The case of Patagonia in the extreme south of Chile also does not have good biological evidence about dogs. Ethnohistorical records of the 19th and 20th Centuries (Coiazzi, 1914) mention the presence of dogs in societies that had little or no contact with the Spanish or other colonists. Coiazzi documents the coexistence of C. familiaris with hunter‐gatherer societies of southern Patagonia, in particular the Selk'nam (also known as Ona), who used dogs to hunt guanacos among other animals. Martin Gusinde, famous Selk'nam ethnographer, also recognized the presence of, at least in some form, domesticated dogs in Selk'nam encampments. These dogs, described as loud, aggressive, and with a pointed snout (Gusinde, 1951), were very appreciated by the natives for their loyalty and protection, and as Gusinde described “In each house there are at least four of these acrimonious and irreconcilable dogs.” Gusinde also described Selk'nam using dogs to hunt guanacos, even apparently picking up and following a scent in packs, just like hunting scent hounds in the UK and other areas with a tradition in hunting (Gusinde, 1951). The initial Spanish colonization of Chile only extended to Chiloé which does not rule out a European origin of Selk'nam dogs via long‐distance trade, but also makes it plausible that these dogs had a previous origin in pre‐Columbian trade networks or migrations. Coiazzi (1914) suggests that the Selk'nam dogs had displaced the populations of a native canid similar to a fox, though whether he means by competition (cf.
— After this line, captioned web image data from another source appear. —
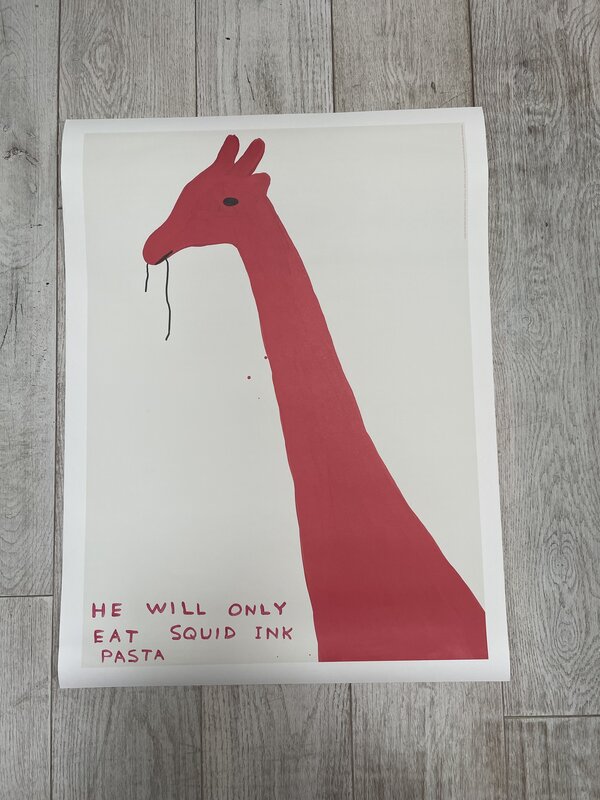 David Shrigley, ‘Animal Series (Set of 4)’, 2020, Posters, 4 offset lithograph on wove paper, Artsy x Capsule Auctions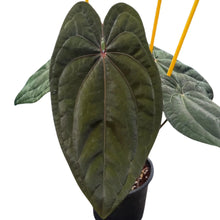 Load image into Gallery viewer, Anthurium Red Vein Dark Phoenix (RVDP) with dark velvety leaves and red central veins in a pot.

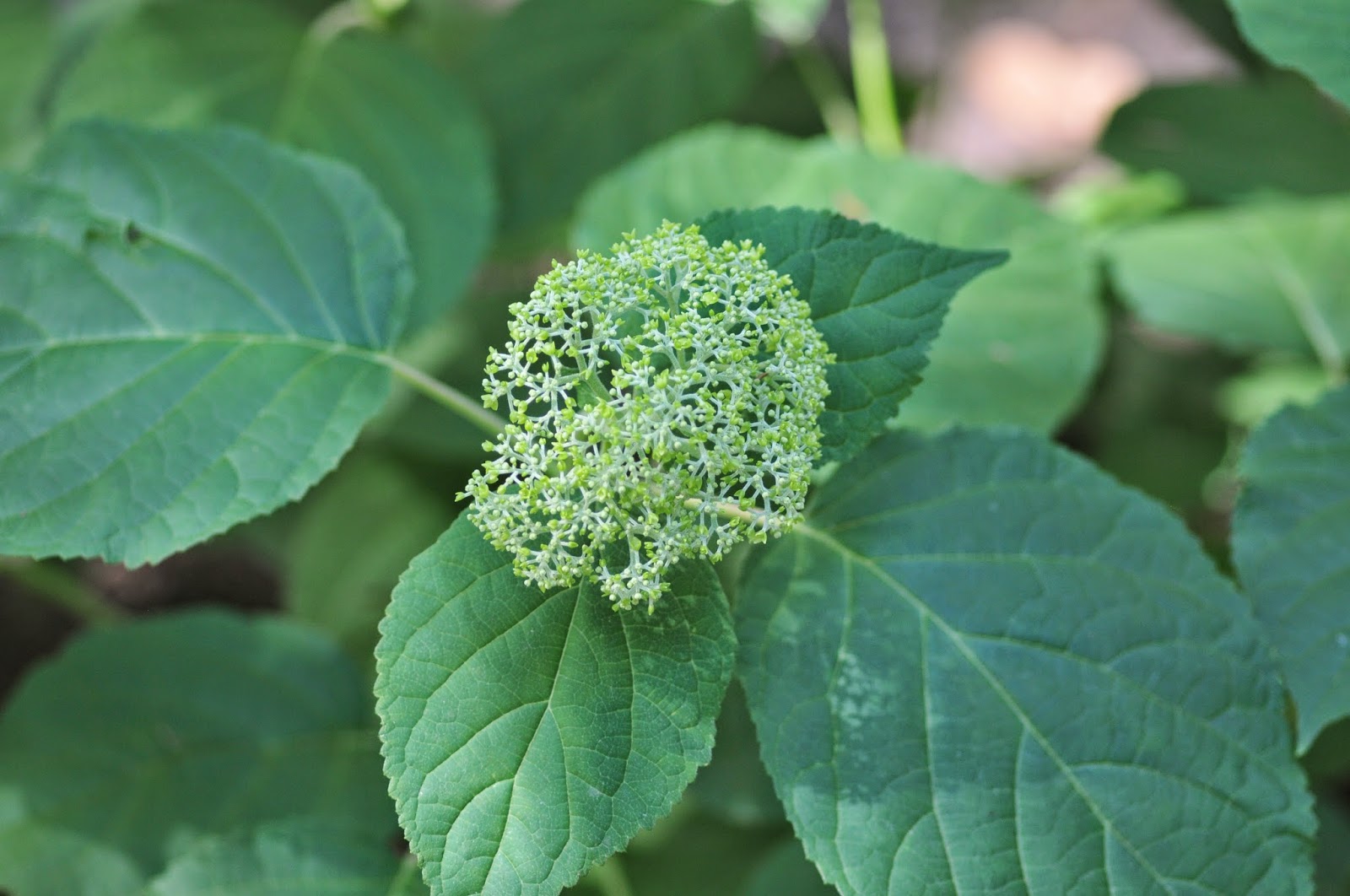 Defining Your Home Garden And Travel Refreshing Little Lime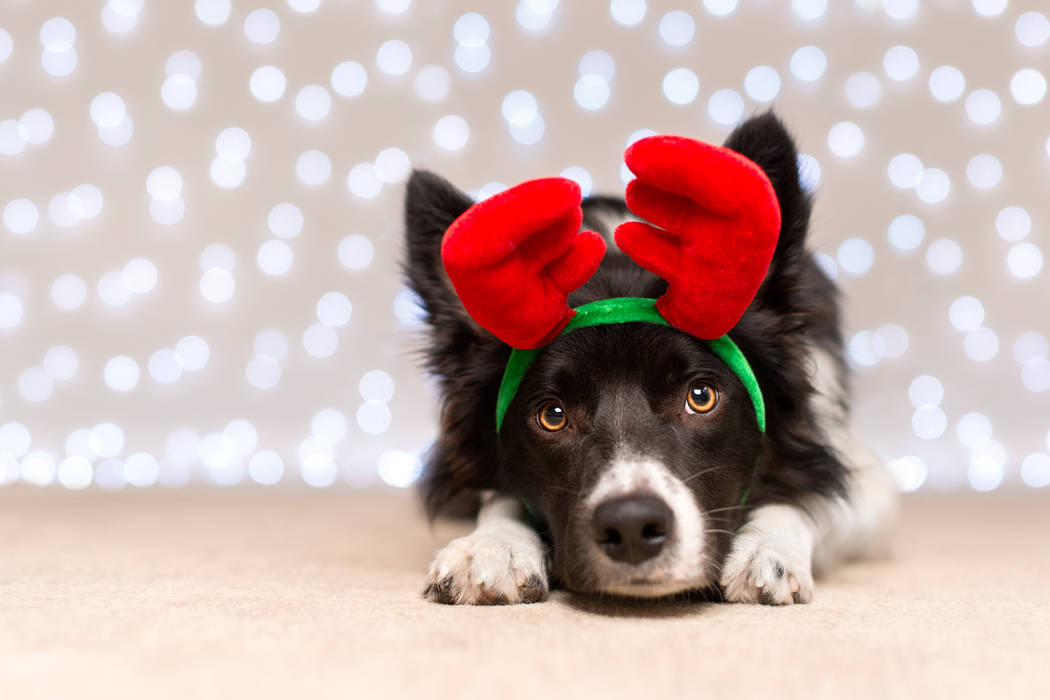 Black and White Border Collie with Antlers and Fairy Light Bokeh. (Getty Images)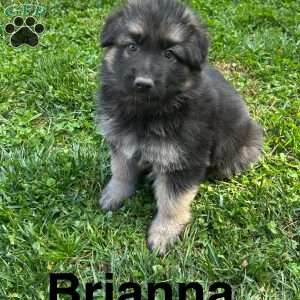 Brianna, German Shepherd Puppy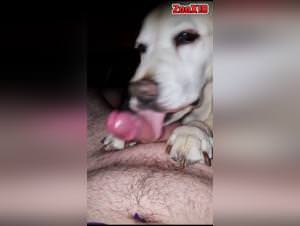 Dog lick, raw sex frenzy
Vanak & Gompper, 2009) or as a favored domesticate is unclear. Carlos R. Gallardo (1910) also wrote about the relationship between Selk'nam people and domesticated, supposedly native, dogs, described as “Canis (Pseudalopex) lycoides,” also described as an important part of guanaco hunting. These domesticated dogs are described thoroughly in his book “The Onas”:
The fuegian dog is a not very big, wild looking animal. Some of them retain such a striking similarity to their ancestors, one can easily mistake them for a big fox, but (…) There are some of yellowish grey colour, of clear and almost white background, and with dark tints from black to ashen yellow. They have a broad forehead, straight, pointy, and fairly large ears, the eyes are somewhat oblique, the snout is long and even pointy, the neck is short, and the legs are notable for having very developed membranes between the fingers. The tail is long, covered in also long hair that coats the rest of the body as well.
Some of this description can be seen in Figure 1, adapted from drawings present in the same book (Gallardo, 1910). In this context and with such characteristics, the possibility of a native canid being domesticated in Tierra del Fuego by Selk'nam is certainly more plausible. In addition to this, the study by Petrigh and Fugassa (2013), in which they genetically identified a taxidermized canid belonging to native people of the area, showed that this specimen was closely related or identical to L. culpaeus.
FIGURE 1.

Reproduction of a drawing found in “The Onas” by Carlos Gallardo (1910) titled “Educating the dog” (Educando al perro). Some characteristics mentioned in the text can be seen in the drawing of this Fuegian dog. The image is free of copyright (http://www.memoriachilena.gob.cl/602/w3‐article‐8403.html)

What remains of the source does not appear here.